# **Exercise Session 7**
# Developed by Biljana Jonoska Stojkova, PhD
# Revised by Johnson Chen

## **Lecture 7 - Hypothesis Testing: Basic Concepts and Basic Tests (Non-Parametric Tests, One-Way ANOVA) and Their Assumptions**

Today's exercise will focus on formulating predefined research questions, and we will practice determining which of the statistical concepts discussed in today's lecture are applicable to the Plant Growth dataset.

We will keep the same teams as those on the previous days. Each team will continue working on the Plant Growth dataset.

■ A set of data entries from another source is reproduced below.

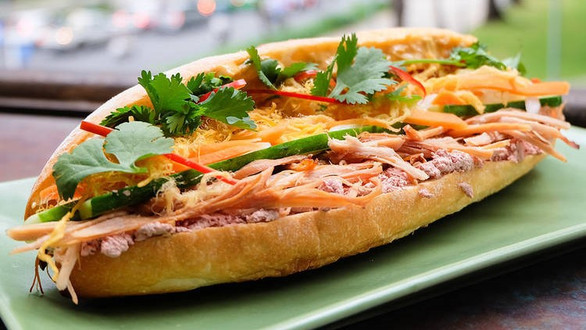 Cô Hậu Bánh Mì - Thạch Bàn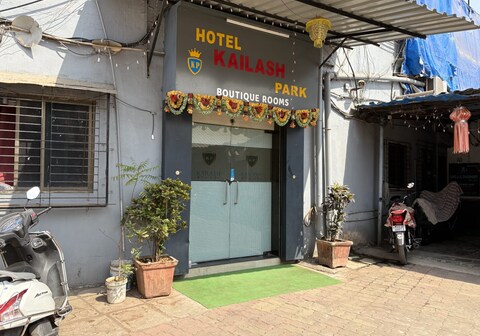 Kailash Park Hotel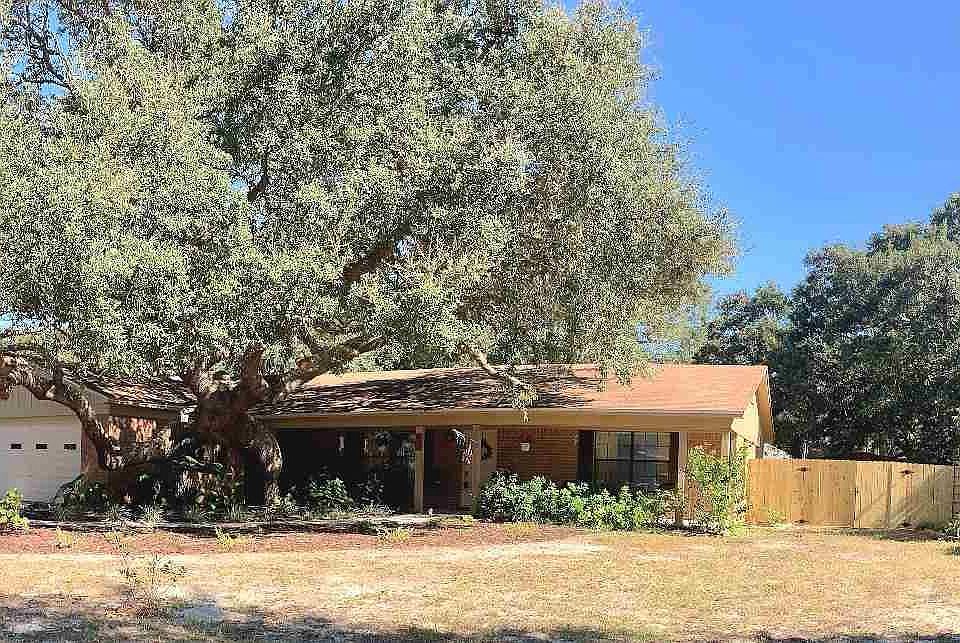 1st image of 1246 Holiday Dr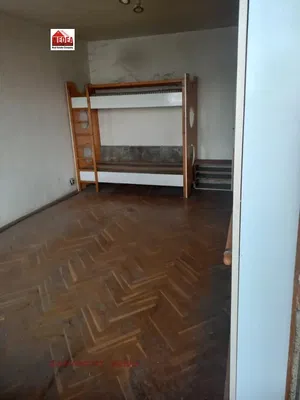 Kinderzimmer; holzboden, renovierungsbedürftig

Each team member will have to answer the questions and upload their Jupyter Notebook on Canvas.

### **Today's Learning Goal:**

- Explore the Plant Growth dataset and define research questions, then translate them into statistical hypotheses.
- Determine what kind of exploratory data analysis plot would be relevant to test the statistical hypothesis.
- Identify which statistical concepts discussed today can be useful in testing the statistical hypothesis you formulated on the Plant Growth dataset.
- Assess whether One-Way ANOVA is appropriate to handle the complexities in the Plant Growth dataset for both primary and secondary hypotheses.
- Learn how to interpret the results from One-Way ANOVA based on your defined statistical hypothesis.
- Ensure you upload your Jupyter Notebook at the end of the day.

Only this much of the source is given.